**PROMPT:**
Restate, word for word and with no pictures, the stretch of lines in the data below that begins at the line with "Product Development Scientist" and ends at the line with "ワンコイン缶バッジ(44mm)シリーズ", inclusive.

**THE RECORDS:**
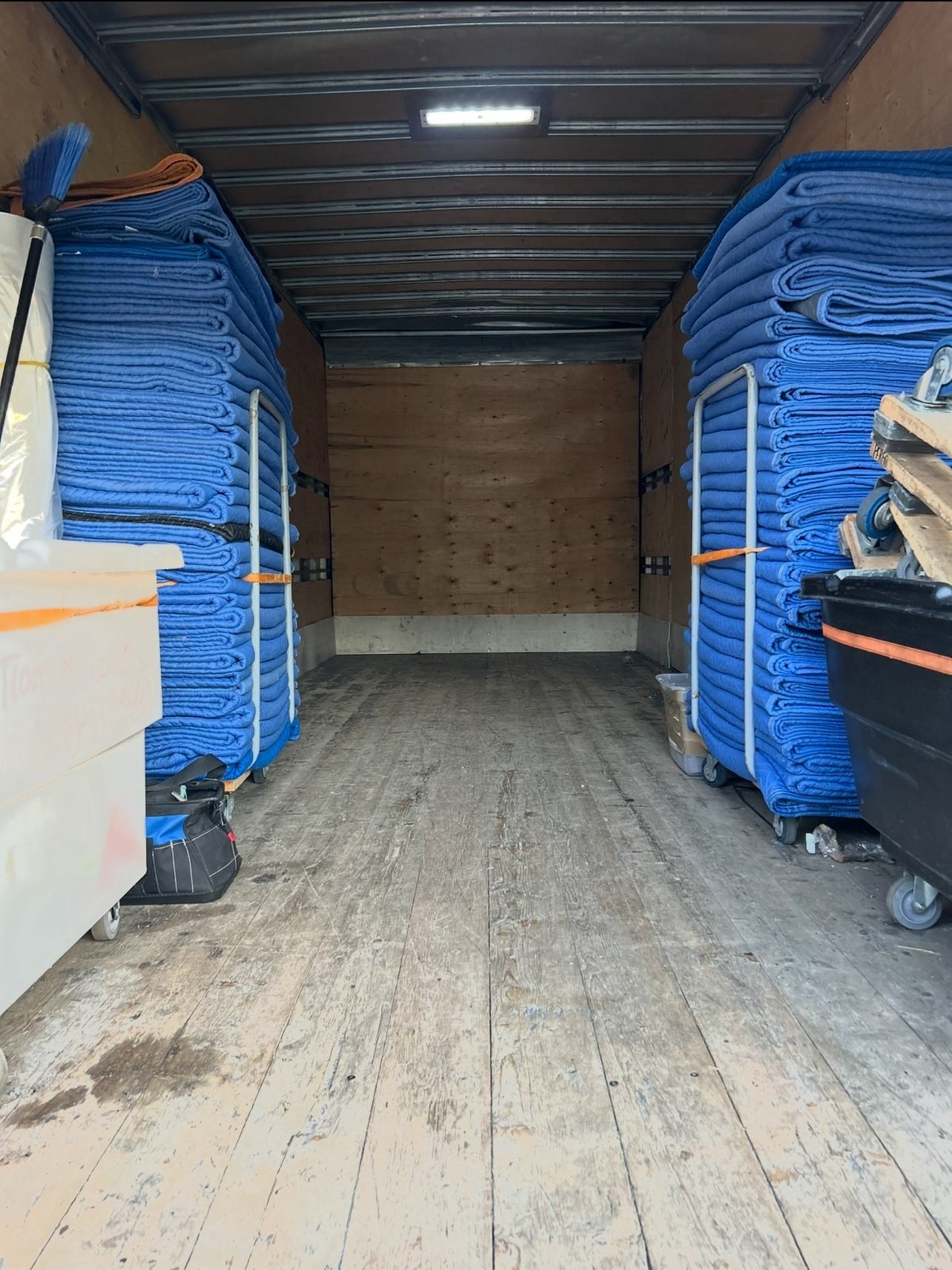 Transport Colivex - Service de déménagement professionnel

--

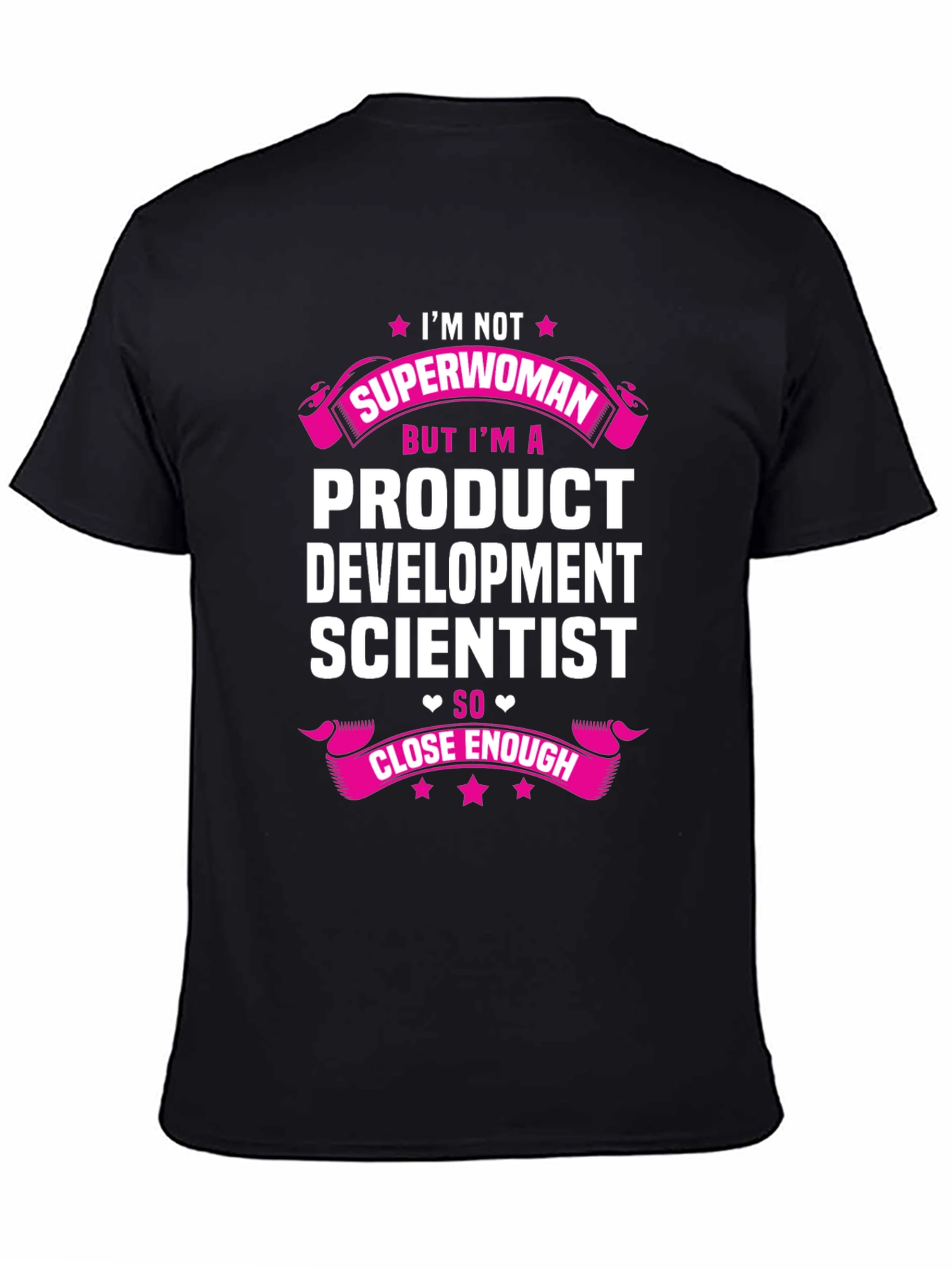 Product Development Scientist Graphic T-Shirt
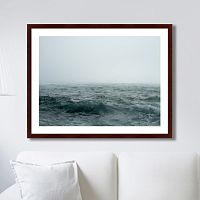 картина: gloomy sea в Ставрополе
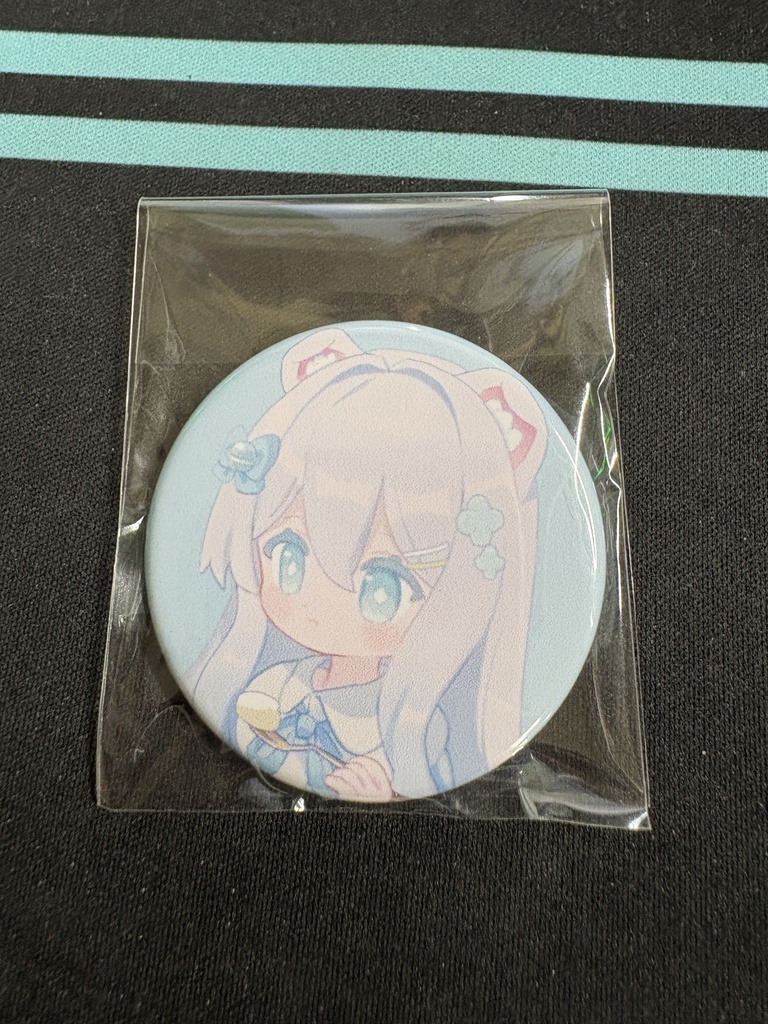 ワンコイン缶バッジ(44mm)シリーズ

**RESPONSE BOX:**
 Product Development Scientist Graphic T-Shirt
 картина: gloomy sea в Ставрополе
 ワンコイン缶バッジ(44mm)シリーズ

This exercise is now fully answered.